На фоне истории «русского Брейвика», расстрелявшего вчера если не всю школу, то пятерых коллег (без красивой девушки тоже, кажется, не обошлось), портрет русского мальчика смотрится уже не так умилительно, но я не об этом. История становления НБП, рассказанная у Каррера устами Прилепина, история подростка, чей относительно стабильный мир рухнул вместе с Советским Союзом, живущего беспросветной жизнью и впервые увидевшего на страницах газеты «Лимонка» хоть какую-то альтернативу, а в лимоновском бункере в Москве — чувство дома и локтя, — это же прямо история Светы из Иванова, только навыворот. НБП или «Наши» — дело случая; молодому нацболу с немалой вероятностью грозит тюрьма, а нашистке — телешоу, и тут еще непонятно, что хуже.

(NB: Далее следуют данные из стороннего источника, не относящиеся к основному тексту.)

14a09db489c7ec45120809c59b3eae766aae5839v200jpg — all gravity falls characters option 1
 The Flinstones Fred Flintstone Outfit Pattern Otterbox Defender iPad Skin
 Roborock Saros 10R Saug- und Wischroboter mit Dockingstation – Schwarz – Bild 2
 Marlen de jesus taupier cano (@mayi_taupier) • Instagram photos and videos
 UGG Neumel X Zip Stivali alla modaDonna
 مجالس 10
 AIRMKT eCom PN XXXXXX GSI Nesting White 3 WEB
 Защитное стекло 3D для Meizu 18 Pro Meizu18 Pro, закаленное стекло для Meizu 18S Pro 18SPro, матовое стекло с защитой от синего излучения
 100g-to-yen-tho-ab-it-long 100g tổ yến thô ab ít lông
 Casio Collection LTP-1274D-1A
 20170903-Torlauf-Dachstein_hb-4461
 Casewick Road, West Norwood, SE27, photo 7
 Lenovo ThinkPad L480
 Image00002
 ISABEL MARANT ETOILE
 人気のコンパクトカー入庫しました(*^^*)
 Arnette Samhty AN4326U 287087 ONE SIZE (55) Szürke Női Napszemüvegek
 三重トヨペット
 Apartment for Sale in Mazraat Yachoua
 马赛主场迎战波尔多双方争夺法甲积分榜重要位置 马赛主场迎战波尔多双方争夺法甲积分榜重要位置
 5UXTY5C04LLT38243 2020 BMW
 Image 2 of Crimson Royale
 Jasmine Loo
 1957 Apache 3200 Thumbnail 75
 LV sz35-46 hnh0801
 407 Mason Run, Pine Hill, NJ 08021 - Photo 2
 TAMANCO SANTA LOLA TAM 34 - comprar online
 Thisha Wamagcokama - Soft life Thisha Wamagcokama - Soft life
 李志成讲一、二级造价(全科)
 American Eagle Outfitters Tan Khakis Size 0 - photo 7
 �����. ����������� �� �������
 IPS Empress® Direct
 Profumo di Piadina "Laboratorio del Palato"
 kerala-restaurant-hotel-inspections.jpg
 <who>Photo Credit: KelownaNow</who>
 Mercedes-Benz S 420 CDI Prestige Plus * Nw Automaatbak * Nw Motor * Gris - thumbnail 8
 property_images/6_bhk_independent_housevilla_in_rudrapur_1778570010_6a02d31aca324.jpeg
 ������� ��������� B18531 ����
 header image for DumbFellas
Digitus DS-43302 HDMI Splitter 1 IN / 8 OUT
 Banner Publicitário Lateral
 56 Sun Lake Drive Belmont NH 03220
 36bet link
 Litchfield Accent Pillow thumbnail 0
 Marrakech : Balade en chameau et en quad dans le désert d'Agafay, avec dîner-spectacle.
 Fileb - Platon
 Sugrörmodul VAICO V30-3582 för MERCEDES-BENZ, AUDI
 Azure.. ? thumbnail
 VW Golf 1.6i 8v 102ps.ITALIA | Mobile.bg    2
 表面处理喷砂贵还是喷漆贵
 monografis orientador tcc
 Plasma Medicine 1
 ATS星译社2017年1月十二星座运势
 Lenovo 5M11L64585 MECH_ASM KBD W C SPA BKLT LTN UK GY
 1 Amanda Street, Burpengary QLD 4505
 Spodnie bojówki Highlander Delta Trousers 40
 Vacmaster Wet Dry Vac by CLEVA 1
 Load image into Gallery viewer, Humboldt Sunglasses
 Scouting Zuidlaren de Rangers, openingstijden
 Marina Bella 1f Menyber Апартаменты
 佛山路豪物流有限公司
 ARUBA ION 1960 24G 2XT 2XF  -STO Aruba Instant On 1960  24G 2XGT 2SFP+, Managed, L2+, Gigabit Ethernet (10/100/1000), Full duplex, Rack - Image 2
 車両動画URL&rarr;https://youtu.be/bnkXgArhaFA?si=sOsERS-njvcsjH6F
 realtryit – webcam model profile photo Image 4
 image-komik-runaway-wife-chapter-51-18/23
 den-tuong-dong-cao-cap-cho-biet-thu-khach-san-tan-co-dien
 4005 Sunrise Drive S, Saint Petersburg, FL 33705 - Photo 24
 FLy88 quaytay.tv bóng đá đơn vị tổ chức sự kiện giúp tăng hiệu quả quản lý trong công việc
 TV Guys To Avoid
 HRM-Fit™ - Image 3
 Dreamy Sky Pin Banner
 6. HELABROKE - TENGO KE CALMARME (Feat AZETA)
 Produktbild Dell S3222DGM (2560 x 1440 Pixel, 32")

В «Саньке» Захара Прилепина (которого Каррер как писателя ставит выше Лимонова) бедолаги таки «берут госучреждение» — как мечтал когда-то юный Лимонов. Но Эдуард Лимонов пишет только о себе и не умеет выдумывать, он сам — литературный факт, причем редкий по нынешним временам факт жанровой литературы. Пусть автор, вопреки подростковому инстинкту, рассматривает Лимонова критически, с научной добросовестностью — его в последний момент как будто подводит непонимание литературной материи происходящего. При попытке оторвать то, что символизирует для Каррера Лимонов, от самого Эдички во плоти, обобщить его и продлить где-то там в литературе лимоновских учеников или в нравственной чистоте бойцов НБП иллюзия вдруг съеживается на свету, от осинки не родятся апельсинки, Лимонов произносит: «Дерьмовая была жизнь», подросток в ужасе захлопывает приключенческий роман.